I have somehow found myself here again. Here being the eve of Kindergarten. I did this once before, this Kindergarten thing, with my first baby. But it’s not easier.
In fact, it’s harder.
Harder because I see the result of Kindergarten walking around in my kitchen, shirtless, leaving cupboards open, wrappers on the counter, explaining to me the evolution of Pokemon and then using some sarcastic tone that I clearly never taught him on how inconceivable it is that I don’t understand said evolution time table.
Before Kindergarten, my first baby, he held my hand and let me give him kisses. Before Kindergarten, he wanted to play games with me. Go on bike rides and walks with me. Before Kindergarten, he wanted to sit by me. Read a book with me. Snuggle with me.

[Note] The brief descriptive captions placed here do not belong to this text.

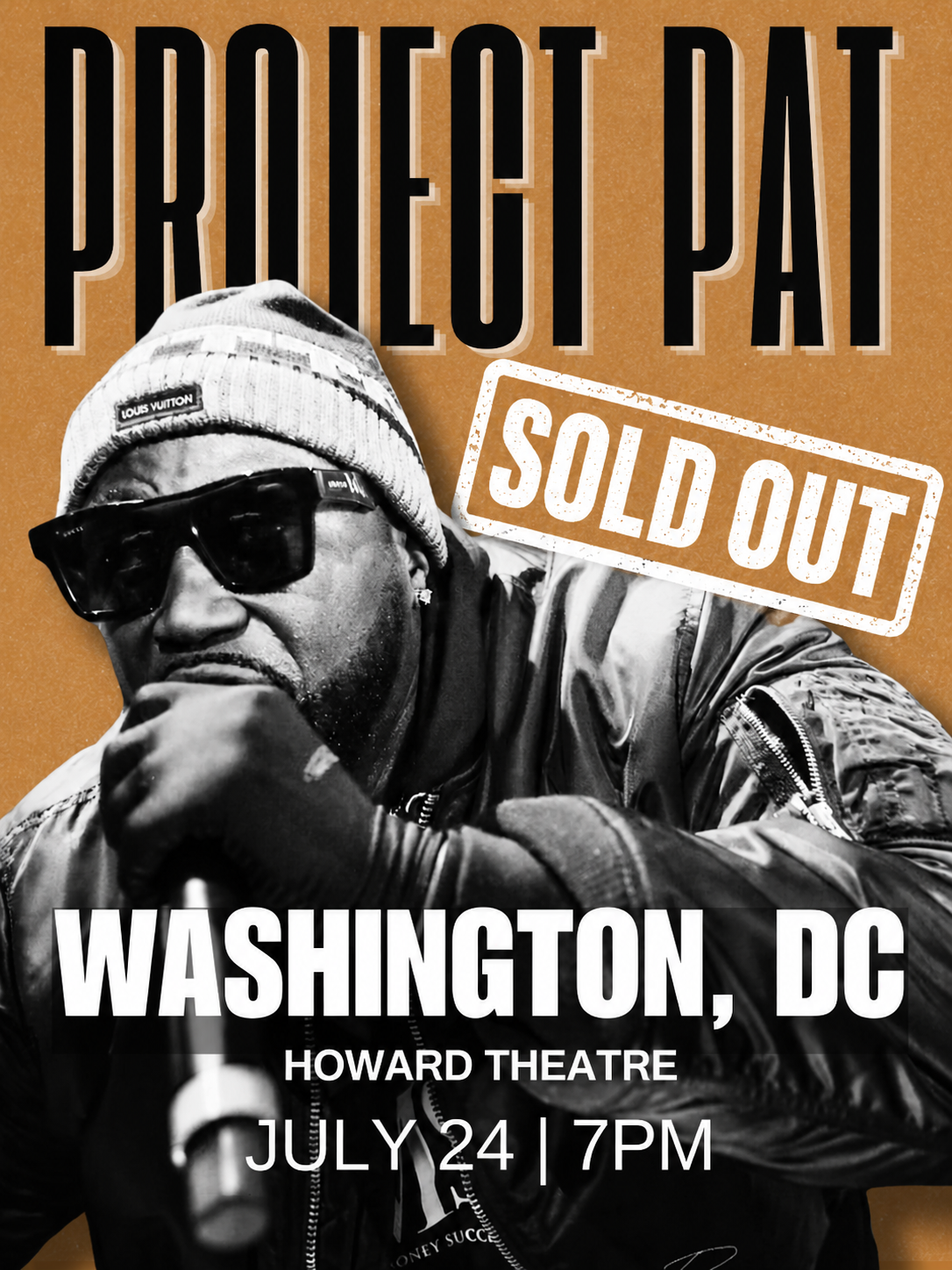 *1 WEEK ONLY* Washington D.C. Signed Poster - 11 x 17 Project Pat Concert (SOLD OUT)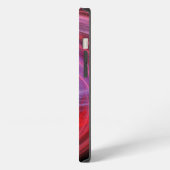 抽象芸術の赤い波 iPhoneケース (左側面)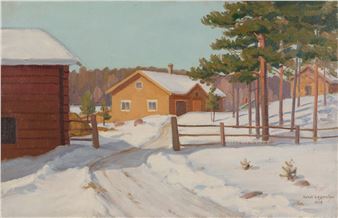 Wintry landscape - Konstantin Lagerstam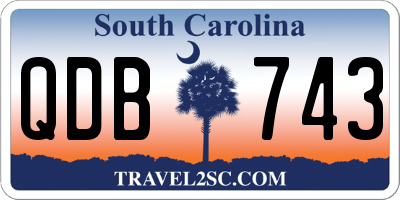 SC license plate QDB743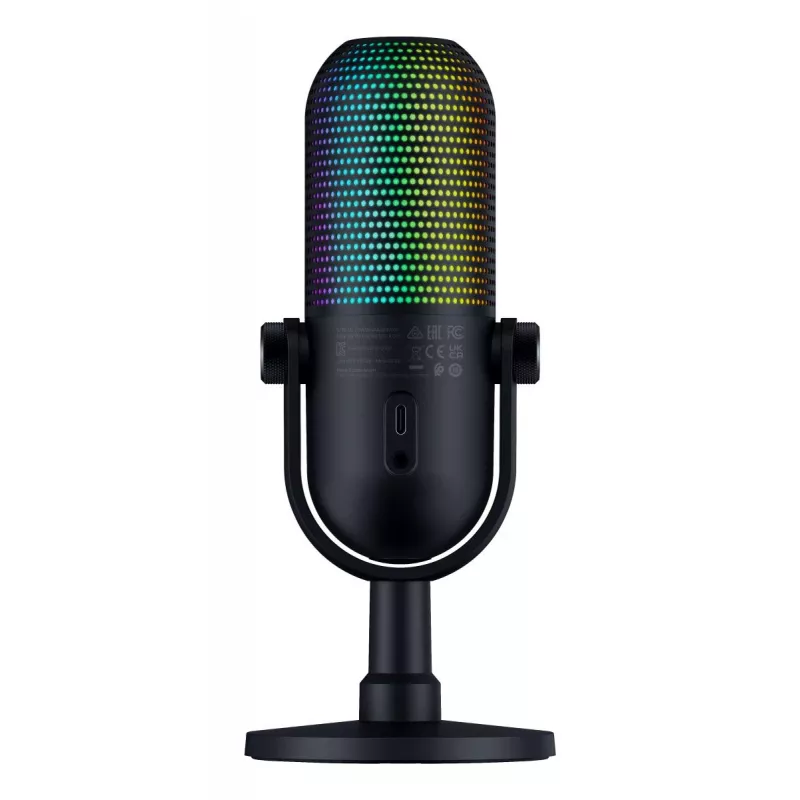 RAZER Seiren V3 Chroma stolný mikrofón - čierny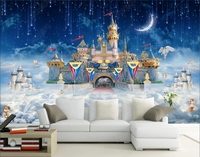Papier peint personnalisé à peler et coller pour chambre d'enfant Photos murales 3D de dessins animés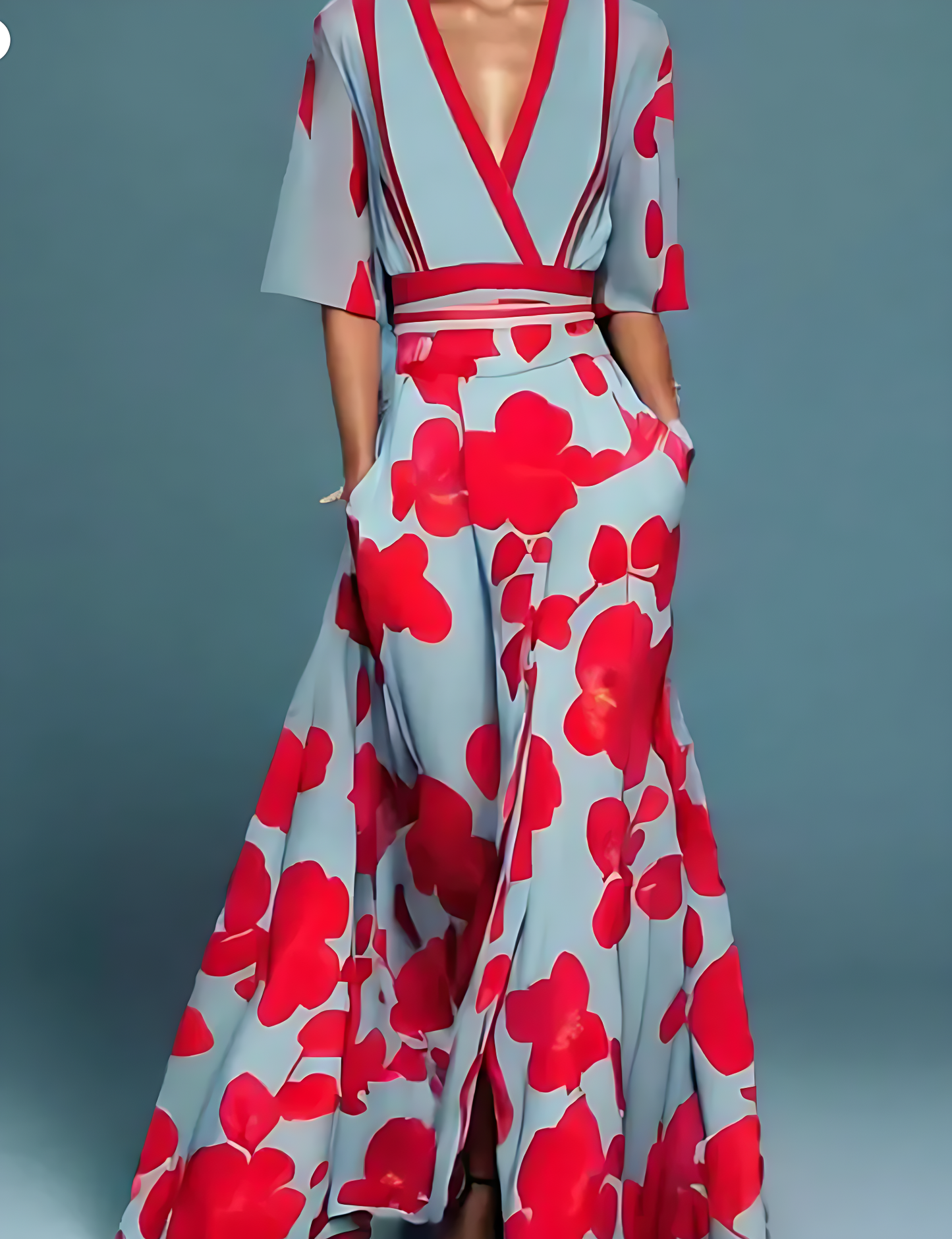 Carlota | Vestido con Elegantes Mangas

But now, because I let him go off to Kindergarten, and therefore graduate Kindergarten and so forth, now he gives me his cheek or his forehead before he goes off to bed. Now he wants to play with friends, and play with friends, and play with friends. And if I bribe him or trick him or force him to go on a walk with me, I endure ten minutes of award worthy eight-year-old pouting. Followed by a solid three minutes of don’t-be-so-selfish-watch-your-attitude lecturing. Topped off with a you-know-I-really-love-you segue into our five minutes of true quality togetherness before the can-we-go-home-my-legs-hurt. Ugh. Kindergarten!

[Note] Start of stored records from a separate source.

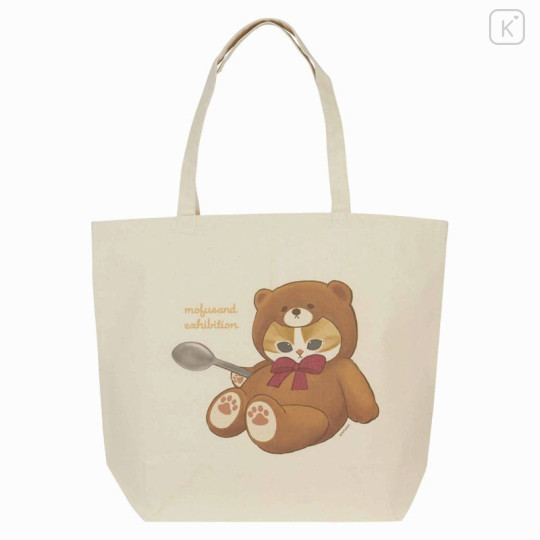 Japan Mofusand Exhibition Large Tote Bag - Cat / Teddy Bear Cosplay - 3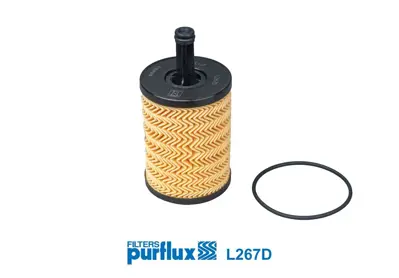 PURFLUX L267D Yag Fıltresı (Oe) Caddy Iıı Golf V / Vı / Plus Jetta Iıı / Iv T4 / T5 Passat Polo A2 A3 A4 A5 A6 Q5  K68001297AA 1118184 1250679 MN980125 MN980408 TS200008 45115466 45115389C 45115466A 45115466B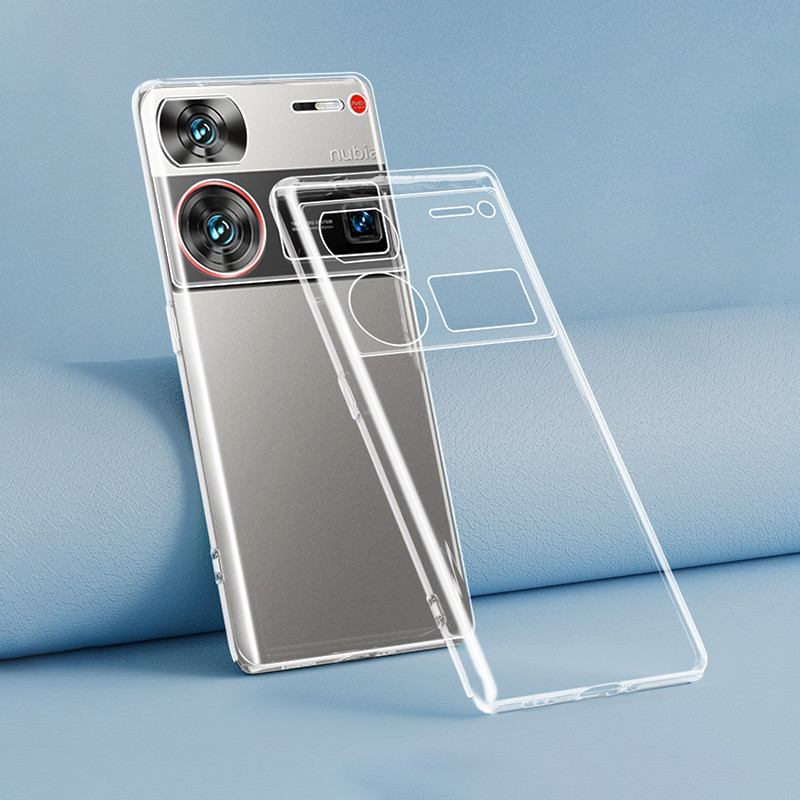 Ốp Điện Thoại Mỏng Trong Suốt Cho ZTE Nubia Z60 Ultra Hàng Đầu Z60S Pro 5G Mềm Trong Suốt Chất Lượng Cao Đơn Giản Ốp Lưng Silicon Funda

Yes. I am blaming Kindergarten.
In fact, I hate Kindergarten.
Kindergarten introduced this whole new world of adventure. My son discovered he could read and spell and count. He found a love for numbers and patterns and most anything crafty. He made friends with kids I never knew existed. Kids whom I couldn’t pre-screen. Kindergarten reinforced my son’s kind and tender heart. He developed his moral compass of good and bad, right and wrong. He did these things on his own. Without me.
And now, now I am about to send my second son, my little Moo, out into this “AMAZING” world of self-discovery, academia and wonder. This world they call Kindergarten. Ugh. I really don’t want to.
Right now, before he walks his blue sneakers and oversized backpacked self into the doors of that school, he still snuggles with his mommy. He needs me to read to him at night and to tie his shoes. He needs me fix his boo-boos and console his heartache. Before Kindergarten, I am still Mommy.In just a few short days, I fear, I will become just mom.
Mom! Can I have a snack?
Mom! Where are my shoes?
Mom! All my friends are walking down to Casey’s and then going to the secret fort in the woods. Can I go?
I hate Kindergarten.
I don’t hate it for my kids. I love it for them. I love the wonder. I love the academia. I love and encourage the self-discovery. I hate it for me. ME. Kindergarten is their first adventure where I am not in the driver’s seat. I am merely a passenger along for the ride.
It is hard to let go of that steering wheel. Very hard.
Oh Little Buddy, my Mr. Moo, you were born to fly. I just wish time didn’t fly by so fast.
Love you to the moon,
To all the mommas out there letting go and watching your kids fly off… HUGS!!